Découvrez les lauréats 2017 de la Bourse du Talent à la BnF

Ces jeunes talents sont à découvrir à la BnF – François Mitterrand du 15 décembre 2017 au 4 mars 2018.

© Alexander Vasukovich
© Alexander Vasukovich – Commemorative photo

Le prix de la Bourse du Talent Reportage est attribué à Chloé Jafé pour « Inochi azukemasu ».

Devenue hôtesse pour un temps dans les quartiers de Shinjuku et de Ginza, Chloé Jafé rencontre le chef d’un groupe yakuza de Tokyo qui l’autorise à photographier son quotidien. Elle décide alors de suivre les femmes de l’organisation. En tant qu’épouses, filles ou maîtresses, celles-ci y jouent un rôle important, d’où le titre de la série « Inochi azukemasu – 命 預 け ま す » qui signifie « le don de sa vie ». Reprenant la spontanéité du carnet de voyage, ses photographies en noir et blanc montrent tantôt des moments d’intimité entre les couples yakuza, tantôt des réunions de chefs de clans. Chloé Jafé donne une place prépondérante aux gestes et aux corps souvent tatoués dont elle prolonge parfois les motifs hors du cadre de l’image. Rehaussées de gouache de couleurs vives qui traduisent en un sens la violence latente du groupe et renforcent le graphisme des contrastes d’ombres et de lumière, ces photographies évoquent avec une forte charge symbolique le poids du rituel et des traditions.

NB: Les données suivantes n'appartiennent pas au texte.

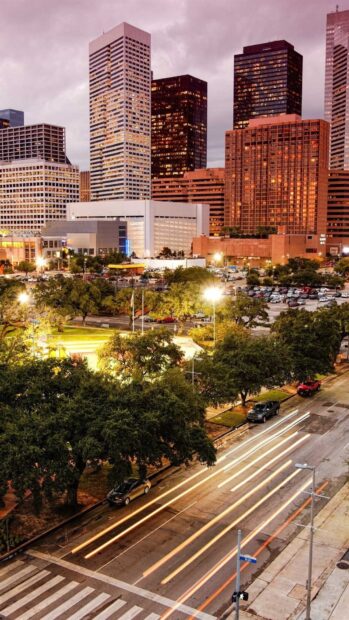 Evening cityscape of Houston Texas with illuminated buildings and busy streets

Le prix de la Bourse du Talent Portrait est attribué à Youqine Lefèvre pour « Far from home »

Née en Chine en 1993, Youqine Lefèvre grandit en Belgique où elle obtient un Bachelor en Arts Plastiques et Visuels à l’ERG (École de Recherche Graphique, Bruxelles). Elle poursuit ses études en photographie à l’École Supérieure d’Arts Appliqués de Vevey où elle vit désormais. Son travail artistique porte essentiellement sur l’humain, l’enfance, la mémoire, la famille et ses failles. Dans la série qui l’a fait connaître, « Far from home », il est question de quête identitaire, intime, en lien avec sa propre histoire d’adoption, qui transcende la dimension du simple témoignage.

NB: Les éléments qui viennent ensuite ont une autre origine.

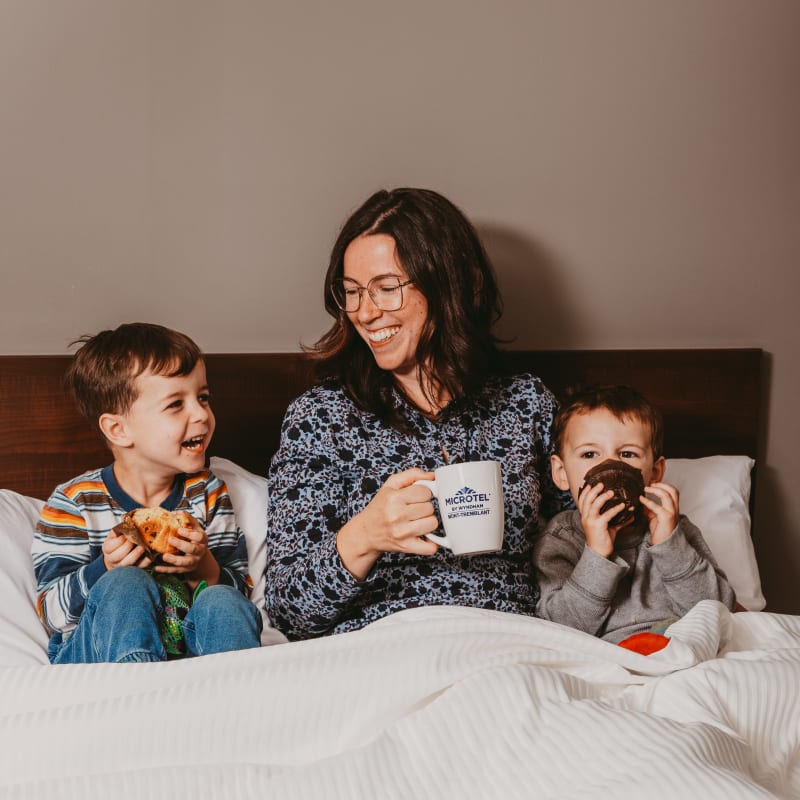 Mother and two sons having breakfast in bed at the hotel.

Pendant trois ans, en immersion dans un foyer isolé dans la montagne suisse, elle y photographie des enfants. Ces derniers, éloignés de leurs parents, incapables de s’occuper d’eux, ont mûri prématurément à cause des traumatismes qu’ils ont vécus et se trouvent alors dans un entre-deux que traduit l’alternance du noir et blanc et de la couleur. Dans ces portraits, où l’innocence persiste malgré tout, Youqine Lefèvre parvient à capter un moment d’abandon, une faille intérieure, une vulnérabilité dont les paysages se font l’écho. Les images de pierres, récurrentes dans la série, témoignent de la fonction de talisman que leur assignent certains des enfants du foyer.

Le prix de la Bourse du Talent Mode est attribué à Sanjyot Telang pour « Fashion Misfits »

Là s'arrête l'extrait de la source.